ACTION ITEM ::
Filter these entries so that only lines with the word "Personalized" remain.
Start of ENTRIES SUPPLIED
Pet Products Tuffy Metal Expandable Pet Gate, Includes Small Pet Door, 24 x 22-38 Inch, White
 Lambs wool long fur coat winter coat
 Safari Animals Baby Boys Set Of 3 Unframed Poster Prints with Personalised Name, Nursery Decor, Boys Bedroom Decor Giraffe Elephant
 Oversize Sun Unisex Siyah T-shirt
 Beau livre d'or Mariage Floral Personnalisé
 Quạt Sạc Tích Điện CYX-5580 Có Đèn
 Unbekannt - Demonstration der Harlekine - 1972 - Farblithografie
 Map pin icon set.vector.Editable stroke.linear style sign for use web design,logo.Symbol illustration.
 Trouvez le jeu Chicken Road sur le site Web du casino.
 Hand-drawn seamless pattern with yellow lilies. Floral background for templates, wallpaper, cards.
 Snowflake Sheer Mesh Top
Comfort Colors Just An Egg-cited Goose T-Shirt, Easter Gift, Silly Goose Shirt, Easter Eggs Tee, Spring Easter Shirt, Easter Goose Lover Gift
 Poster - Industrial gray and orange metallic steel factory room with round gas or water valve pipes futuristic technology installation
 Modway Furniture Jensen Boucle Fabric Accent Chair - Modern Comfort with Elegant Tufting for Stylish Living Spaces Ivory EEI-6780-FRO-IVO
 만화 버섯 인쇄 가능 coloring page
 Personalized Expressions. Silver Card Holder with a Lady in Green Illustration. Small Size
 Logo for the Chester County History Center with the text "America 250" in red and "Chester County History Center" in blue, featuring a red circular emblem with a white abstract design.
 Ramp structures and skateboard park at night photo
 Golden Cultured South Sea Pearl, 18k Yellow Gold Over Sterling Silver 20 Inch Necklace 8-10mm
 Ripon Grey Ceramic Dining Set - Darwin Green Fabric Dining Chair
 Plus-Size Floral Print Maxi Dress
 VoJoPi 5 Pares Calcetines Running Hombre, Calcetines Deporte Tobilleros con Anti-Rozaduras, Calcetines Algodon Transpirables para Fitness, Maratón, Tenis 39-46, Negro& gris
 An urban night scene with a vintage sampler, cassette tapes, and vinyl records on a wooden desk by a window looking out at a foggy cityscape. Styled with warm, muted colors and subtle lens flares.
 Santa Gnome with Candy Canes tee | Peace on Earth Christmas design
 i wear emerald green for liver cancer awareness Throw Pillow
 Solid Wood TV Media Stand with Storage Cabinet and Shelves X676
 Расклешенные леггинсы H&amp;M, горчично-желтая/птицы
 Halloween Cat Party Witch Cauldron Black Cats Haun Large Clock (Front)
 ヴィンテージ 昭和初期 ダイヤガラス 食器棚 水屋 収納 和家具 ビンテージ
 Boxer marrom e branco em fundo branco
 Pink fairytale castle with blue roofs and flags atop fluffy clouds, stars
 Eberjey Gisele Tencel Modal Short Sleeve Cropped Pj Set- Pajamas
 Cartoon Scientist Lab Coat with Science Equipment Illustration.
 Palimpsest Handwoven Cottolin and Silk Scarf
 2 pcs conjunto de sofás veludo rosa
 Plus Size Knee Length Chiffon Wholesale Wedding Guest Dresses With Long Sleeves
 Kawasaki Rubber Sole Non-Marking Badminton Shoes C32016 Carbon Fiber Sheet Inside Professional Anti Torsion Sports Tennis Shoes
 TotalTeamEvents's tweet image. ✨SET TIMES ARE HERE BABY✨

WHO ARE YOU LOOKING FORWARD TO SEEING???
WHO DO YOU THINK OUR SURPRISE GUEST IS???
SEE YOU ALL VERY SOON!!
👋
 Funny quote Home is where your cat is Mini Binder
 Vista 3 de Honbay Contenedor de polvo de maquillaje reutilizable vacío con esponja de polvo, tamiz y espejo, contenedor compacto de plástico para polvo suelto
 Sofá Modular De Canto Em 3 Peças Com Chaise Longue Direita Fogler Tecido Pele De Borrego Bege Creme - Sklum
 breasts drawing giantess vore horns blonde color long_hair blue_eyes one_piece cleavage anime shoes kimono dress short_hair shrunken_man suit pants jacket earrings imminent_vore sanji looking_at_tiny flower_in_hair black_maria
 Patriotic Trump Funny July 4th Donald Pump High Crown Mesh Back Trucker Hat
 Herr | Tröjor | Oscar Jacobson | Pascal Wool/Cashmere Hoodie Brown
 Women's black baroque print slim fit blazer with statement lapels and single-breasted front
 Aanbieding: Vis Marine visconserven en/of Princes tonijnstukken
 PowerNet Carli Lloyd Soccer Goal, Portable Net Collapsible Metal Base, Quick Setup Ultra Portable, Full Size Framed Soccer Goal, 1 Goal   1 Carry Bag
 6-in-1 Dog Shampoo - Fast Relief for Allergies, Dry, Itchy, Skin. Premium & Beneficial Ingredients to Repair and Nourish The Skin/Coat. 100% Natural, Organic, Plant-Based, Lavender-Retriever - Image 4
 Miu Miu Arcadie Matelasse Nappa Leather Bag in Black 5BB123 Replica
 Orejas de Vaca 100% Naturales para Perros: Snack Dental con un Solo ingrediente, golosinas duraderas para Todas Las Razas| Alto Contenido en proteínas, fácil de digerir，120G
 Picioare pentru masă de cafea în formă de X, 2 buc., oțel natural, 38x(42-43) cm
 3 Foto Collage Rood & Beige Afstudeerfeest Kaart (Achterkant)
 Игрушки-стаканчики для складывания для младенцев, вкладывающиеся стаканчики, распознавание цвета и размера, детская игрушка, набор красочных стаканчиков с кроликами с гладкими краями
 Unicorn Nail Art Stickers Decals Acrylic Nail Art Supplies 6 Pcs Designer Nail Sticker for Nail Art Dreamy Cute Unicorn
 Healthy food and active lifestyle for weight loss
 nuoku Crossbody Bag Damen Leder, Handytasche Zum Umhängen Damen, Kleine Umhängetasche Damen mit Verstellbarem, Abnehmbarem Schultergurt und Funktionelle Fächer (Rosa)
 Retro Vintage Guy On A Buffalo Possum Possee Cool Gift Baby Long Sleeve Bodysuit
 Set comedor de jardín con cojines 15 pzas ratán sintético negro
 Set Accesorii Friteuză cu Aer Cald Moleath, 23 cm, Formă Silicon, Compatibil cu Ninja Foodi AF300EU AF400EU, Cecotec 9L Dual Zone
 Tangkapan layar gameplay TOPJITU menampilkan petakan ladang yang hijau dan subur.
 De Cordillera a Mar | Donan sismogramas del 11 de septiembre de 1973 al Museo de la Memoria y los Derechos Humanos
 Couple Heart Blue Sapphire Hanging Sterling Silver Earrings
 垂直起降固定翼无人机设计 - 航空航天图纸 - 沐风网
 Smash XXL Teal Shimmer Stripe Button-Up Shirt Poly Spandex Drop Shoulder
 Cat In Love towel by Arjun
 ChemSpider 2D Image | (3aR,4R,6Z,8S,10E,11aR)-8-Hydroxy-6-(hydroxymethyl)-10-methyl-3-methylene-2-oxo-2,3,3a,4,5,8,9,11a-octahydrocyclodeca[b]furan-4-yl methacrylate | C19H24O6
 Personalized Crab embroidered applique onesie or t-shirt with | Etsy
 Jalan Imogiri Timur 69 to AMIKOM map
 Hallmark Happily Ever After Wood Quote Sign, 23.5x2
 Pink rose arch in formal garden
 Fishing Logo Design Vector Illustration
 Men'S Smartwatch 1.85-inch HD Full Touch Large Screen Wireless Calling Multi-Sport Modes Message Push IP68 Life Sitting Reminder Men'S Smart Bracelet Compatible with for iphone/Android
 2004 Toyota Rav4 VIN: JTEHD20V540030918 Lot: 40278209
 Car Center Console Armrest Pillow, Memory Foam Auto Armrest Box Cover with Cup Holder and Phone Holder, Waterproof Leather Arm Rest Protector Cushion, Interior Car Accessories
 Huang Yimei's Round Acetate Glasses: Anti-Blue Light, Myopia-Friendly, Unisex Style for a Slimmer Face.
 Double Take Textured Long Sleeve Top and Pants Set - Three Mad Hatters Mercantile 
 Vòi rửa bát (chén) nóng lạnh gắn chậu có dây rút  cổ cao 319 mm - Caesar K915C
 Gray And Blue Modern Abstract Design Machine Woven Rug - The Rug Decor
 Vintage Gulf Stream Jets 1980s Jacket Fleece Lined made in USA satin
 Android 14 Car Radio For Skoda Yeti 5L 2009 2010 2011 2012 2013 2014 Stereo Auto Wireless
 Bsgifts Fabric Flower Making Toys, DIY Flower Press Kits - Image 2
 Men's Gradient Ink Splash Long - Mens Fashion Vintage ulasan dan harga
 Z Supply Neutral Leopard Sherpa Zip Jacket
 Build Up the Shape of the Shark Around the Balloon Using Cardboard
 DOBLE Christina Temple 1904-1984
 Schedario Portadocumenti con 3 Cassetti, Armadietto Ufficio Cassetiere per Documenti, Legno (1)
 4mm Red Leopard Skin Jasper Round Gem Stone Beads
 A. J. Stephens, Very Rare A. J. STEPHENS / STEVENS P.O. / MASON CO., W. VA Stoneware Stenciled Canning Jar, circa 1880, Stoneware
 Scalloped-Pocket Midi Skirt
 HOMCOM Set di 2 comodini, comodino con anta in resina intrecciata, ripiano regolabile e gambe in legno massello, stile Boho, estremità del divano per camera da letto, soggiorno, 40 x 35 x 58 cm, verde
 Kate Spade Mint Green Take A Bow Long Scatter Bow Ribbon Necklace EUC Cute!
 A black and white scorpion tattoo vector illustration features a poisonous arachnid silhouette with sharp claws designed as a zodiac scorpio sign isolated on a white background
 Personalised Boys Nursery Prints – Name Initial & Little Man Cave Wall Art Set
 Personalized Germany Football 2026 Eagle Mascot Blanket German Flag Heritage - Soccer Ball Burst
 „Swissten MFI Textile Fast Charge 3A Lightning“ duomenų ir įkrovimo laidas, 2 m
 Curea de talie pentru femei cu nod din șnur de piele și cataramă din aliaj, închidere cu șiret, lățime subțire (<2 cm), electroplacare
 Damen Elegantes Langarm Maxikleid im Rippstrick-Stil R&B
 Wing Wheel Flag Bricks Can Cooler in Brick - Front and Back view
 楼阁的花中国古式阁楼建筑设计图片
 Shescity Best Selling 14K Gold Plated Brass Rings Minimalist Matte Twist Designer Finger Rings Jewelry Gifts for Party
End of ENTRIES SUPPLIED
EXERCISE RESULT ::
 Personalized Expressions. Silver Card Holder with a Lady in Green Illustration. Small Size
 Personalized Crab embroidered applique onesie or t-shirt with | Etsy
 Personalized Germany Football 2026 Eagle Mascot Blanket German Flag Heritage - Soccer Ball Burst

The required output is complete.